The cereal farmers were shocked earlier in the year when the Department wrote to 5,000 of them querying their claims for EU supports. The Department said it was supporting its evidence of false claims by using satellite imagery taken from 1987 to 1991.
Legitimate claims for the aid payments, which totalled €133.5 million to 17,000 applicants last year, had to be based on the land being used for tillage during any of those years. The spy-in-the-sky images, which were taken by a French satellite for the Department, showed that the lands on which the claims were being made had not been used for tillage in those years.
Although 75 per cent of the farmers who were written to last month convinced the Department that their claims were not bogus, about a thousand have not been able to do so. The Department confirmed yesterday it had written to those farmers demanding repayment and outlining penalties the growers will now face for over-claiming.
These vary from 30 per cent of the 2001 arable aid payment to a return of the entire payment, depending on the extent of the errors. The most recent statistics show that 74 per cent of family farm income on cereal farms comes in direct payments.
The Irish Farmers' Association said many of the errors occurred because the reference years involved (1987 to 1991) were a long time ago, and this had created difficulties for farmers without records covering that period. It has urged farmers who believe they are being unnecessarily penalised, and who disagree with the outcome of the imagery cross-checks, to appeal their penalties.

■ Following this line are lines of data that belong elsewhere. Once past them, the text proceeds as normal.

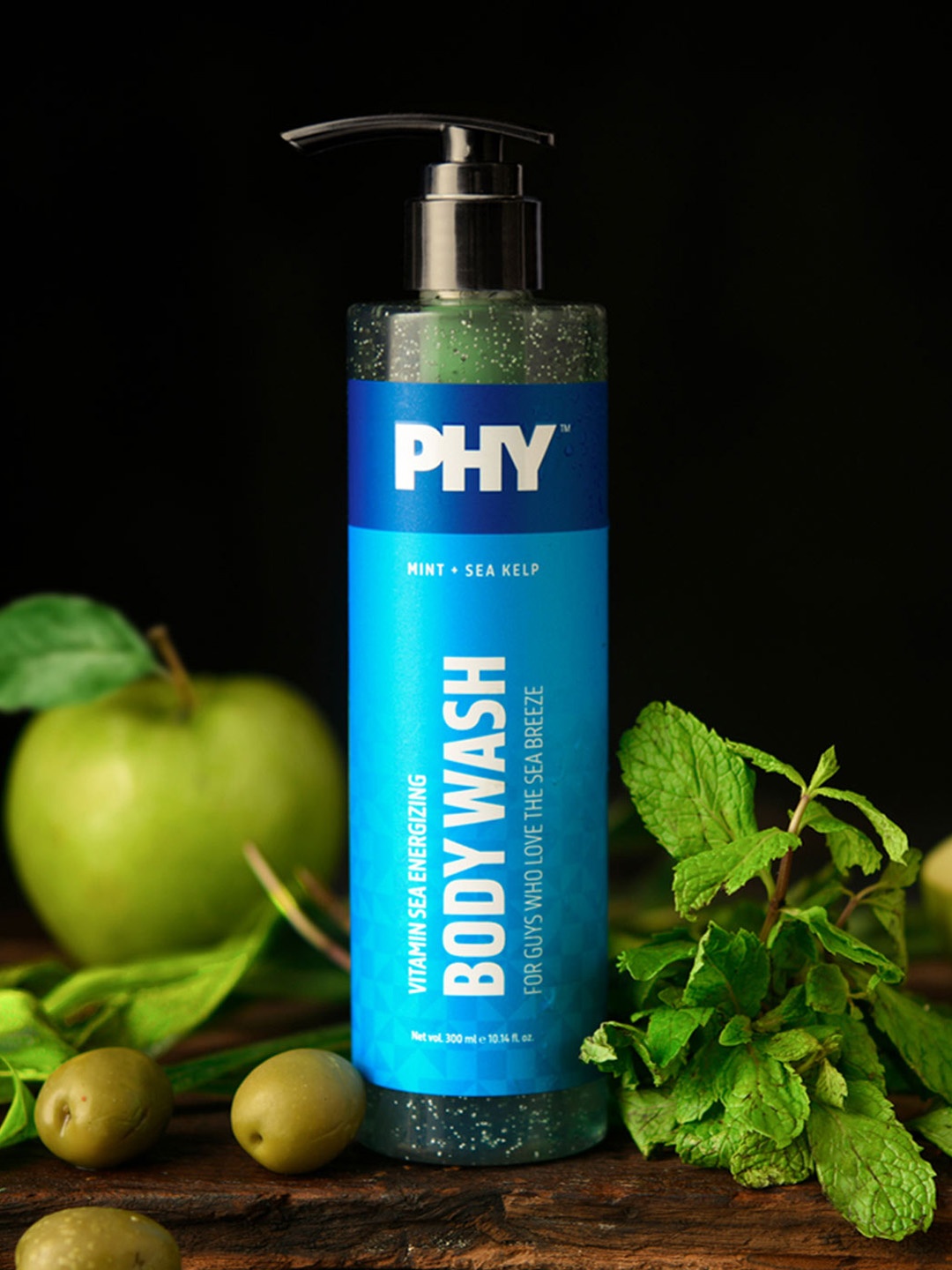 

Phy Men Vitamin Sea Energizing Body Wash - 300 ml, Blue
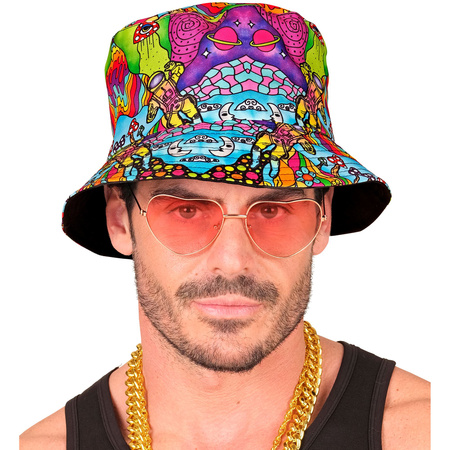 CZAPKA BUCKET HAT PSYCHODELICZNA 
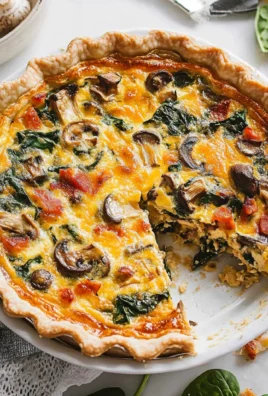 Turkey Mushroom Spinach Quiche
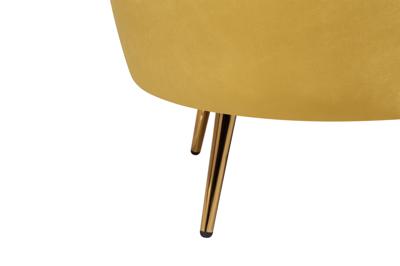 Кресло MAK interior Низкие кресла для дома Дизайнерское кресло ракушка Pearl yellow желтый арт. 7LV29040-YL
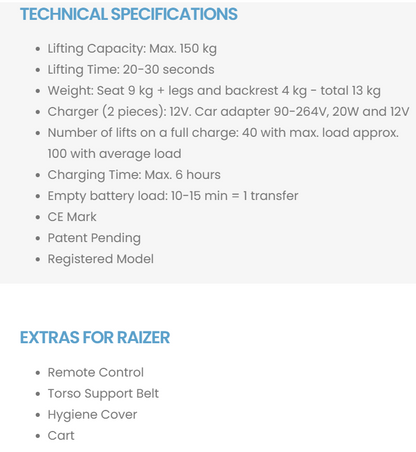 RAIZER II Lifting Chair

The Department said yesterday it would have full information on Thursday on the extent of the overpayments made to farmers, the area involved and what it expected to recoup from the claimants.
Ireland's cereal farmers are the richest in the agricultural sector, with incomes exceeding dairy, beef and sheep farmers. In 2001 they planted 283,300 hectares of crops, mainly barley. They saw a 5.8 per cent increase in direct payments from €126 million in 2000 to €133.5 million.